Bozkır Çocuklarına Bir Umut Dr. Albert Eckstein...

16 Eylül 2008 Salı

Gürer Yayınları yeni bir kitap yayımlıyor.

Dr. Albert Ecksteinın Türkiyedeki yaşamı ve çalışmaları anlatılıyor.

III. Reich döneminde Hitler rejiminin devlet gö-revinden çıkardığı ari ırktan olmayanlar ya da ari ırktan olmayanlarla evli veya yakın olanlar arasında yer alan Ord. Prof. Dr. Eckstein, Düsseldorf Üniversitesi Çocuk Bölümünden ayrılıyor ve Türkiyenin davetini kabul ederek Ankaraya geliyor. Burada başına geçtiği Çocuk Hastanesinde çalışmaya başlıyor.

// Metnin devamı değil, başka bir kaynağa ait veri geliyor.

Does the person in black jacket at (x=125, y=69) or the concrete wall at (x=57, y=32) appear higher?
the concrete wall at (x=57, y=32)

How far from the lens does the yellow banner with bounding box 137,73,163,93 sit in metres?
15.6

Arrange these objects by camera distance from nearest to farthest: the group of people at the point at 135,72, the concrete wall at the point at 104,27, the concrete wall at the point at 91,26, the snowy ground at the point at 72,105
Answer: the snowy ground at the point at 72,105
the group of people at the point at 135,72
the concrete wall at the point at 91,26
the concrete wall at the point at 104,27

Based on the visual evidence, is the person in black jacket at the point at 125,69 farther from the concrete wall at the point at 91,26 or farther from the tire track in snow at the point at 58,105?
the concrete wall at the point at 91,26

Ama asıl dikkat çeken olay burada başlıyor.

Türkiyedeki çocuk hastalıklarını anlamak, çocuk ölümlerini incelemek için bütün Anadoluyu dolaşıyor. Bir köy hekimi gibi gidip köylülerle dostluk kuruyor. Olayları yerinde görüp inceliyor. Bir yandan bu konularla uğraşıp olayları yerinde incelerken bir yandan da yeni çocuk hastalıkları uzmanları yetiştiriyor.

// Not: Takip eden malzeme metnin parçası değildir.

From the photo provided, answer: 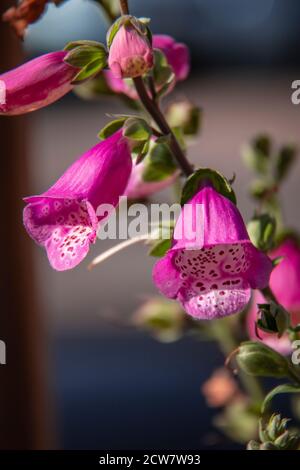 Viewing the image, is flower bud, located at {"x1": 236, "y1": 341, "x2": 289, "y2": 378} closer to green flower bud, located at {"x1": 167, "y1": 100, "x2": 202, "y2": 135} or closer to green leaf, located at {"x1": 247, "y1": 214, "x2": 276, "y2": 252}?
green leaf, located at {"x1": 247, "y1": 214, "x2": 276, "y2": 252}

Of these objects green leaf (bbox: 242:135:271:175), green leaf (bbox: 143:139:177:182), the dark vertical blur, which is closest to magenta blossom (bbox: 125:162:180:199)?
green leaf (bbox: 143:139:177:182)

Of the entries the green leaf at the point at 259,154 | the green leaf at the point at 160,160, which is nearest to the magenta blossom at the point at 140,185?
the green leaf at the point at 160,160

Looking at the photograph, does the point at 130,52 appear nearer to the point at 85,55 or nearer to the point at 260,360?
the point at 85,55

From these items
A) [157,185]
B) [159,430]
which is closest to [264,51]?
[159,430]

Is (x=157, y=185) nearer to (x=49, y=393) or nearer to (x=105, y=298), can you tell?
(x=49, y=393)

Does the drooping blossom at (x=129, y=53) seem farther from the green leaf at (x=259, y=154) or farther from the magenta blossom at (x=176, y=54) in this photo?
the green leaf at (x=259, y=154) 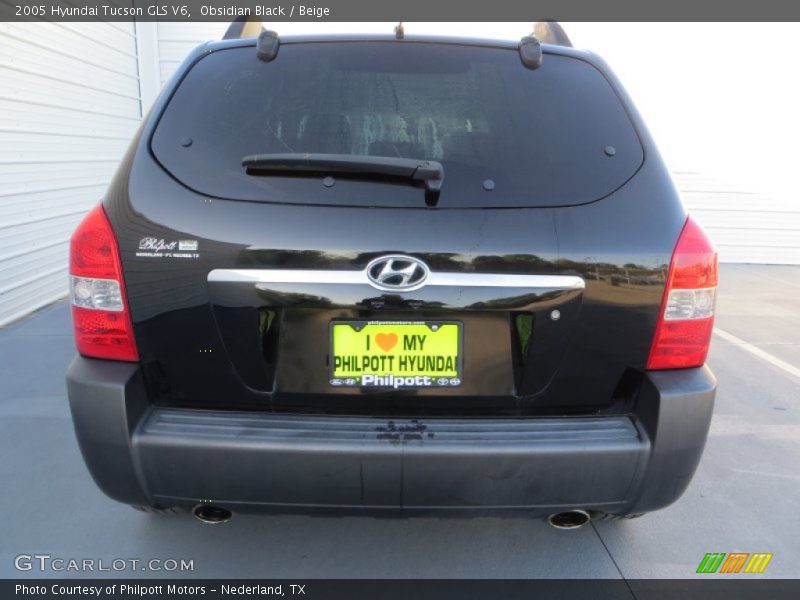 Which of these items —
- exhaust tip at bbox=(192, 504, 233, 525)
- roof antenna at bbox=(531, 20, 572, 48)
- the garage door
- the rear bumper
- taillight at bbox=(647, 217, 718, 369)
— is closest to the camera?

Aslında, kitap hepimiz için çok önemli bir ders niteliğinde.

Bir tıp doktorunun idealizmi ile, bir insanın kendine ve yaptığı işe saygı duymanın gerçek bir örneğidir Dr. Albert Ecksteinın Türkiyedeki yaşamı.

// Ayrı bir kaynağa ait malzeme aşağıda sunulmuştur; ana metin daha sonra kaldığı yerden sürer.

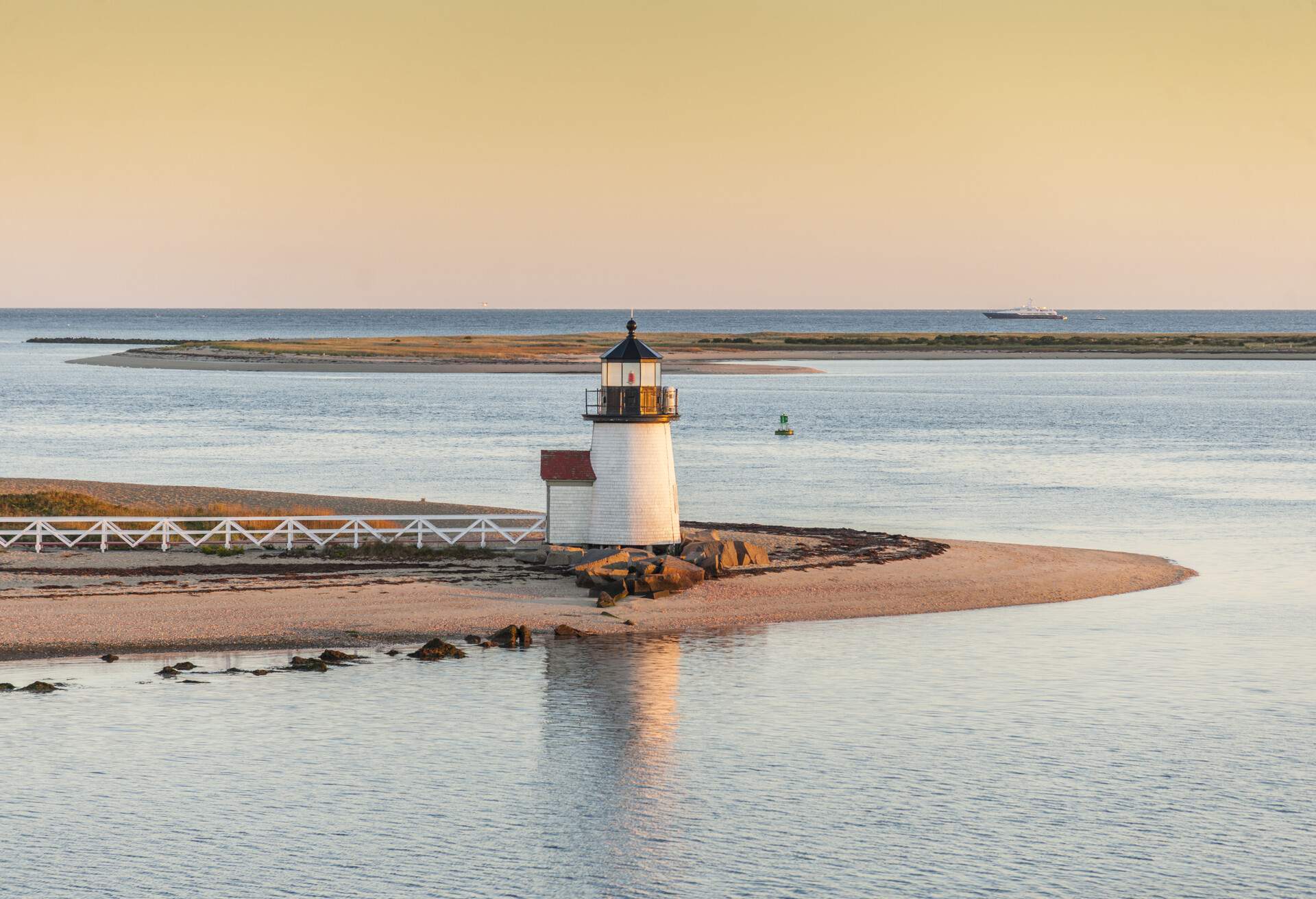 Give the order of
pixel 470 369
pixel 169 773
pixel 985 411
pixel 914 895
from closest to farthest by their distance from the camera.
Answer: pixel 914 895 < pixel 169 773 < pixel 985 411 < pixel 470 369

Bu örneklerin okullarımızda öğrencilere proje konusu olarak verilmesi gerekir.

Bu kitabın bir karakter öğretisi olarak okunması, okutulması gerekir.

Neden Dr. Eckstein Ankarada yayılıp kalmamıştır?

Onu Anadolu yollarına düşüren dürtü nedir?

Günümüzün tıp bilimleri nasıl uygulanmaktadır?

Tıp doktorları günümüzde nasıl çalışmaktadır?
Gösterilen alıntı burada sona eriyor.